Cumpliendo el calendario de sesiones 2022 establecido por la Comisión Permanente, su 347 reunión tuvo lugar los días 28,29 y 30 de abril, en los salones de la primera iglesia protestante en Rubí (IEE)

Como viene siendo habitual, la Comisión Permanente tiene previsto un espacio de encuentro con los responsables del Presbiterio en el que celebra sus reuniones y, en esta ocasión, se realizó con los responsables de la Mesa de la EEC y, en otro momento, con parte del Consejo de la iglesia en Rubí.

Obras de rehabilitación y acondicionamiento

Uno de los objetivos era observar “in situ” la evolución de las obras de rehabilitación y acondicionamiento del edificio. Un proyecto que está siendo largo y lento por las características arquitectónicas de la iglesia, por el coste que supone una obra de esta envergadura y por el retraso originado por la aparición de la pandemia.

Gracias a Dios y al esfuerzo económico de la comunidad, de la EEC y a la búsqueda de apoyos financieros por parte de la Comisión Permanente, la primera fase del proceso, prácticamente ha terminado. El suelo se ha renovado, loseta a loseta, y las paredes, los techos, las cristaleras y el mobiliario, casi de forma artesana, acabarán en breve. Ha sido un trabajo arduo, ya que el edificio está considerado como patrimonio histórico y la normativa exige cumplir unos requisitos específicos para la conservación y mantenimiento del estilo modernista de finales del siglo XIX de la iglesia.

 

«El propio Ayuntamiento de Rubí reconoce y valora el “buen hacer” de esta iglesia»

La segunda fase de la Primera Iglesia Protestante en Rubí abordará la limpieza de la fachada, el cambio de climatización e insonorización, un nuevo sistema eléctrico con energía renovable, el sonido y otros pequeños detalles. El consejo de la iglesia, además de su extraordinario compromiso económico, espera contar con una subvención de la Generalitat, para la mejora de lugares de culto y con otra ayuda destinada a la rehabilitación de fachadas concedida por el Ayuntamiento de Rubí.

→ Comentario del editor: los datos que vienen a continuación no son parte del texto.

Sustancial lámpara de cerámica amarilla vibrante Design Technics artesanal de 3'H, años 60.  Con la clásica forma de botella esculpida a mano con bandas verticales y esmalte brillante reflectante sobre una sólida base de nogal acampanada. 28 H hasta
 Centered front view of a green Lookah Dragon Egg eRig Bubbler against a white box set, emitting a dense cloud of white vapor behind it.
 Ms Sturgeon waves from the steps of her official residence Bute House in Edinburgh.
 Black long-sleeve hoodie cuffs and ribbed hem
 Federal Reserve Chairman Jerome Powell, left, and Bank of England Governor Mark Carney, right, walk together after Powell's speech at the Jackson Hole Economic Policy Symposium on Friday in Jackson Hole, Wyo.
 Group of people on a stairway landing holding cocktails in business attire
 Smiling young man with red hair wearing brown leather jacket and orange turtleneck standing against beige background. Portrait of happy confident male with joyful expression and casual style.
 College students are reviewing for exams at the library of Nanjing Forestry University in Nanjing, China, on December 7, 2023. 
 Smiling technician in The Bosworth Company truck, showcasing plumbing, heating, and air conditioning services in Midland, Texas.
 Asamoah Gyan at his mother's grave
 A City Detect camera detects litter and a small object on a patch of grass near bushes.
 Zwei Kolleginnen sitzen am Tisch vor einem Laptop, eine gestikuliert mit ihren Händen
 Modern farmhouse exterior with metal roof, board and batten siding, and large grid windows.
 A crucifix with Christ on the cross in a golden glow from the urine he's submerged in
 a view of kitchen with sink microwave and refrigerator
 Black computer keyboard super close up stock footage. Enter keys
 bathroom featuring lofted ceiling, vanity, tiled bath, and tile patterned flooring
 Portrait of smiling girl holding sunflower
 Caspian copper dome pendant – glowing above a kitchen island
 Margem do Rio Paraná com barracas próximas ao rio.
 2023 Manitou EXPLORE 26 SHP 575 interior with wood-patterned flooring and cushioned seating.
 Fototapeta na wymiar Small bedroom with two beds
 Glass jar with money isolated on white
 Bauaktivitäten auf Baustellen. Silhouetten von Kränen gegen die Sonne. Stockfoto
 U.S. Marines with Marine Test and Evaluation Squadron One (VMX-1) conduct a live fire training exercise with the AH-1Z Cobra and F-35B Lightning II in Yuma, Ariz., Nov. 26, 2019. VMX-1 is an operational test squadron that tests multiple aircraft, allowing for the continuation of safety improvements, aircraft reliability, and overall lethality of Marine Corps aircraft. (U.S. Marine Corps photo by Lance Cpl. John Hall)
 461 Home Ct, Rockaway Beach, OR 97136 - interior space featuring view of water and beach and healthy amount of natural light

Nuestros hermanos y hermanas han vivido las incomodidades y las molestias que provocan unas obras de esta magnitud en el templo, pero sin renunciar a ninguna actividad ni cúltica, ni solidaria, y lo seguirán haciendo. El propio Ayuntamiento de Rubí reconoce y valora el “buen hacer” de esta iglesia.

A lo largo de todo este tiempo, la intensa obra social de esta comunidad solamente se ha vio interrumpida por el confinamiento de los voluntarios que se contagiaron de la Covid-19, más allá de estos quince días se ha manteniendo el ritmo de atención social, reparto de comida y de ropa, con el gran entusiasmo y entrega.

Pedimos al Señor que continúe utilizándoles, con la misma ilusión y responsabilidad, en el testimonio y en el servicio al prójimo, en medio de esta localidad catalana como lo ha hecho hasta ahora.

¡Gracias por vuestra cariñosa acogida!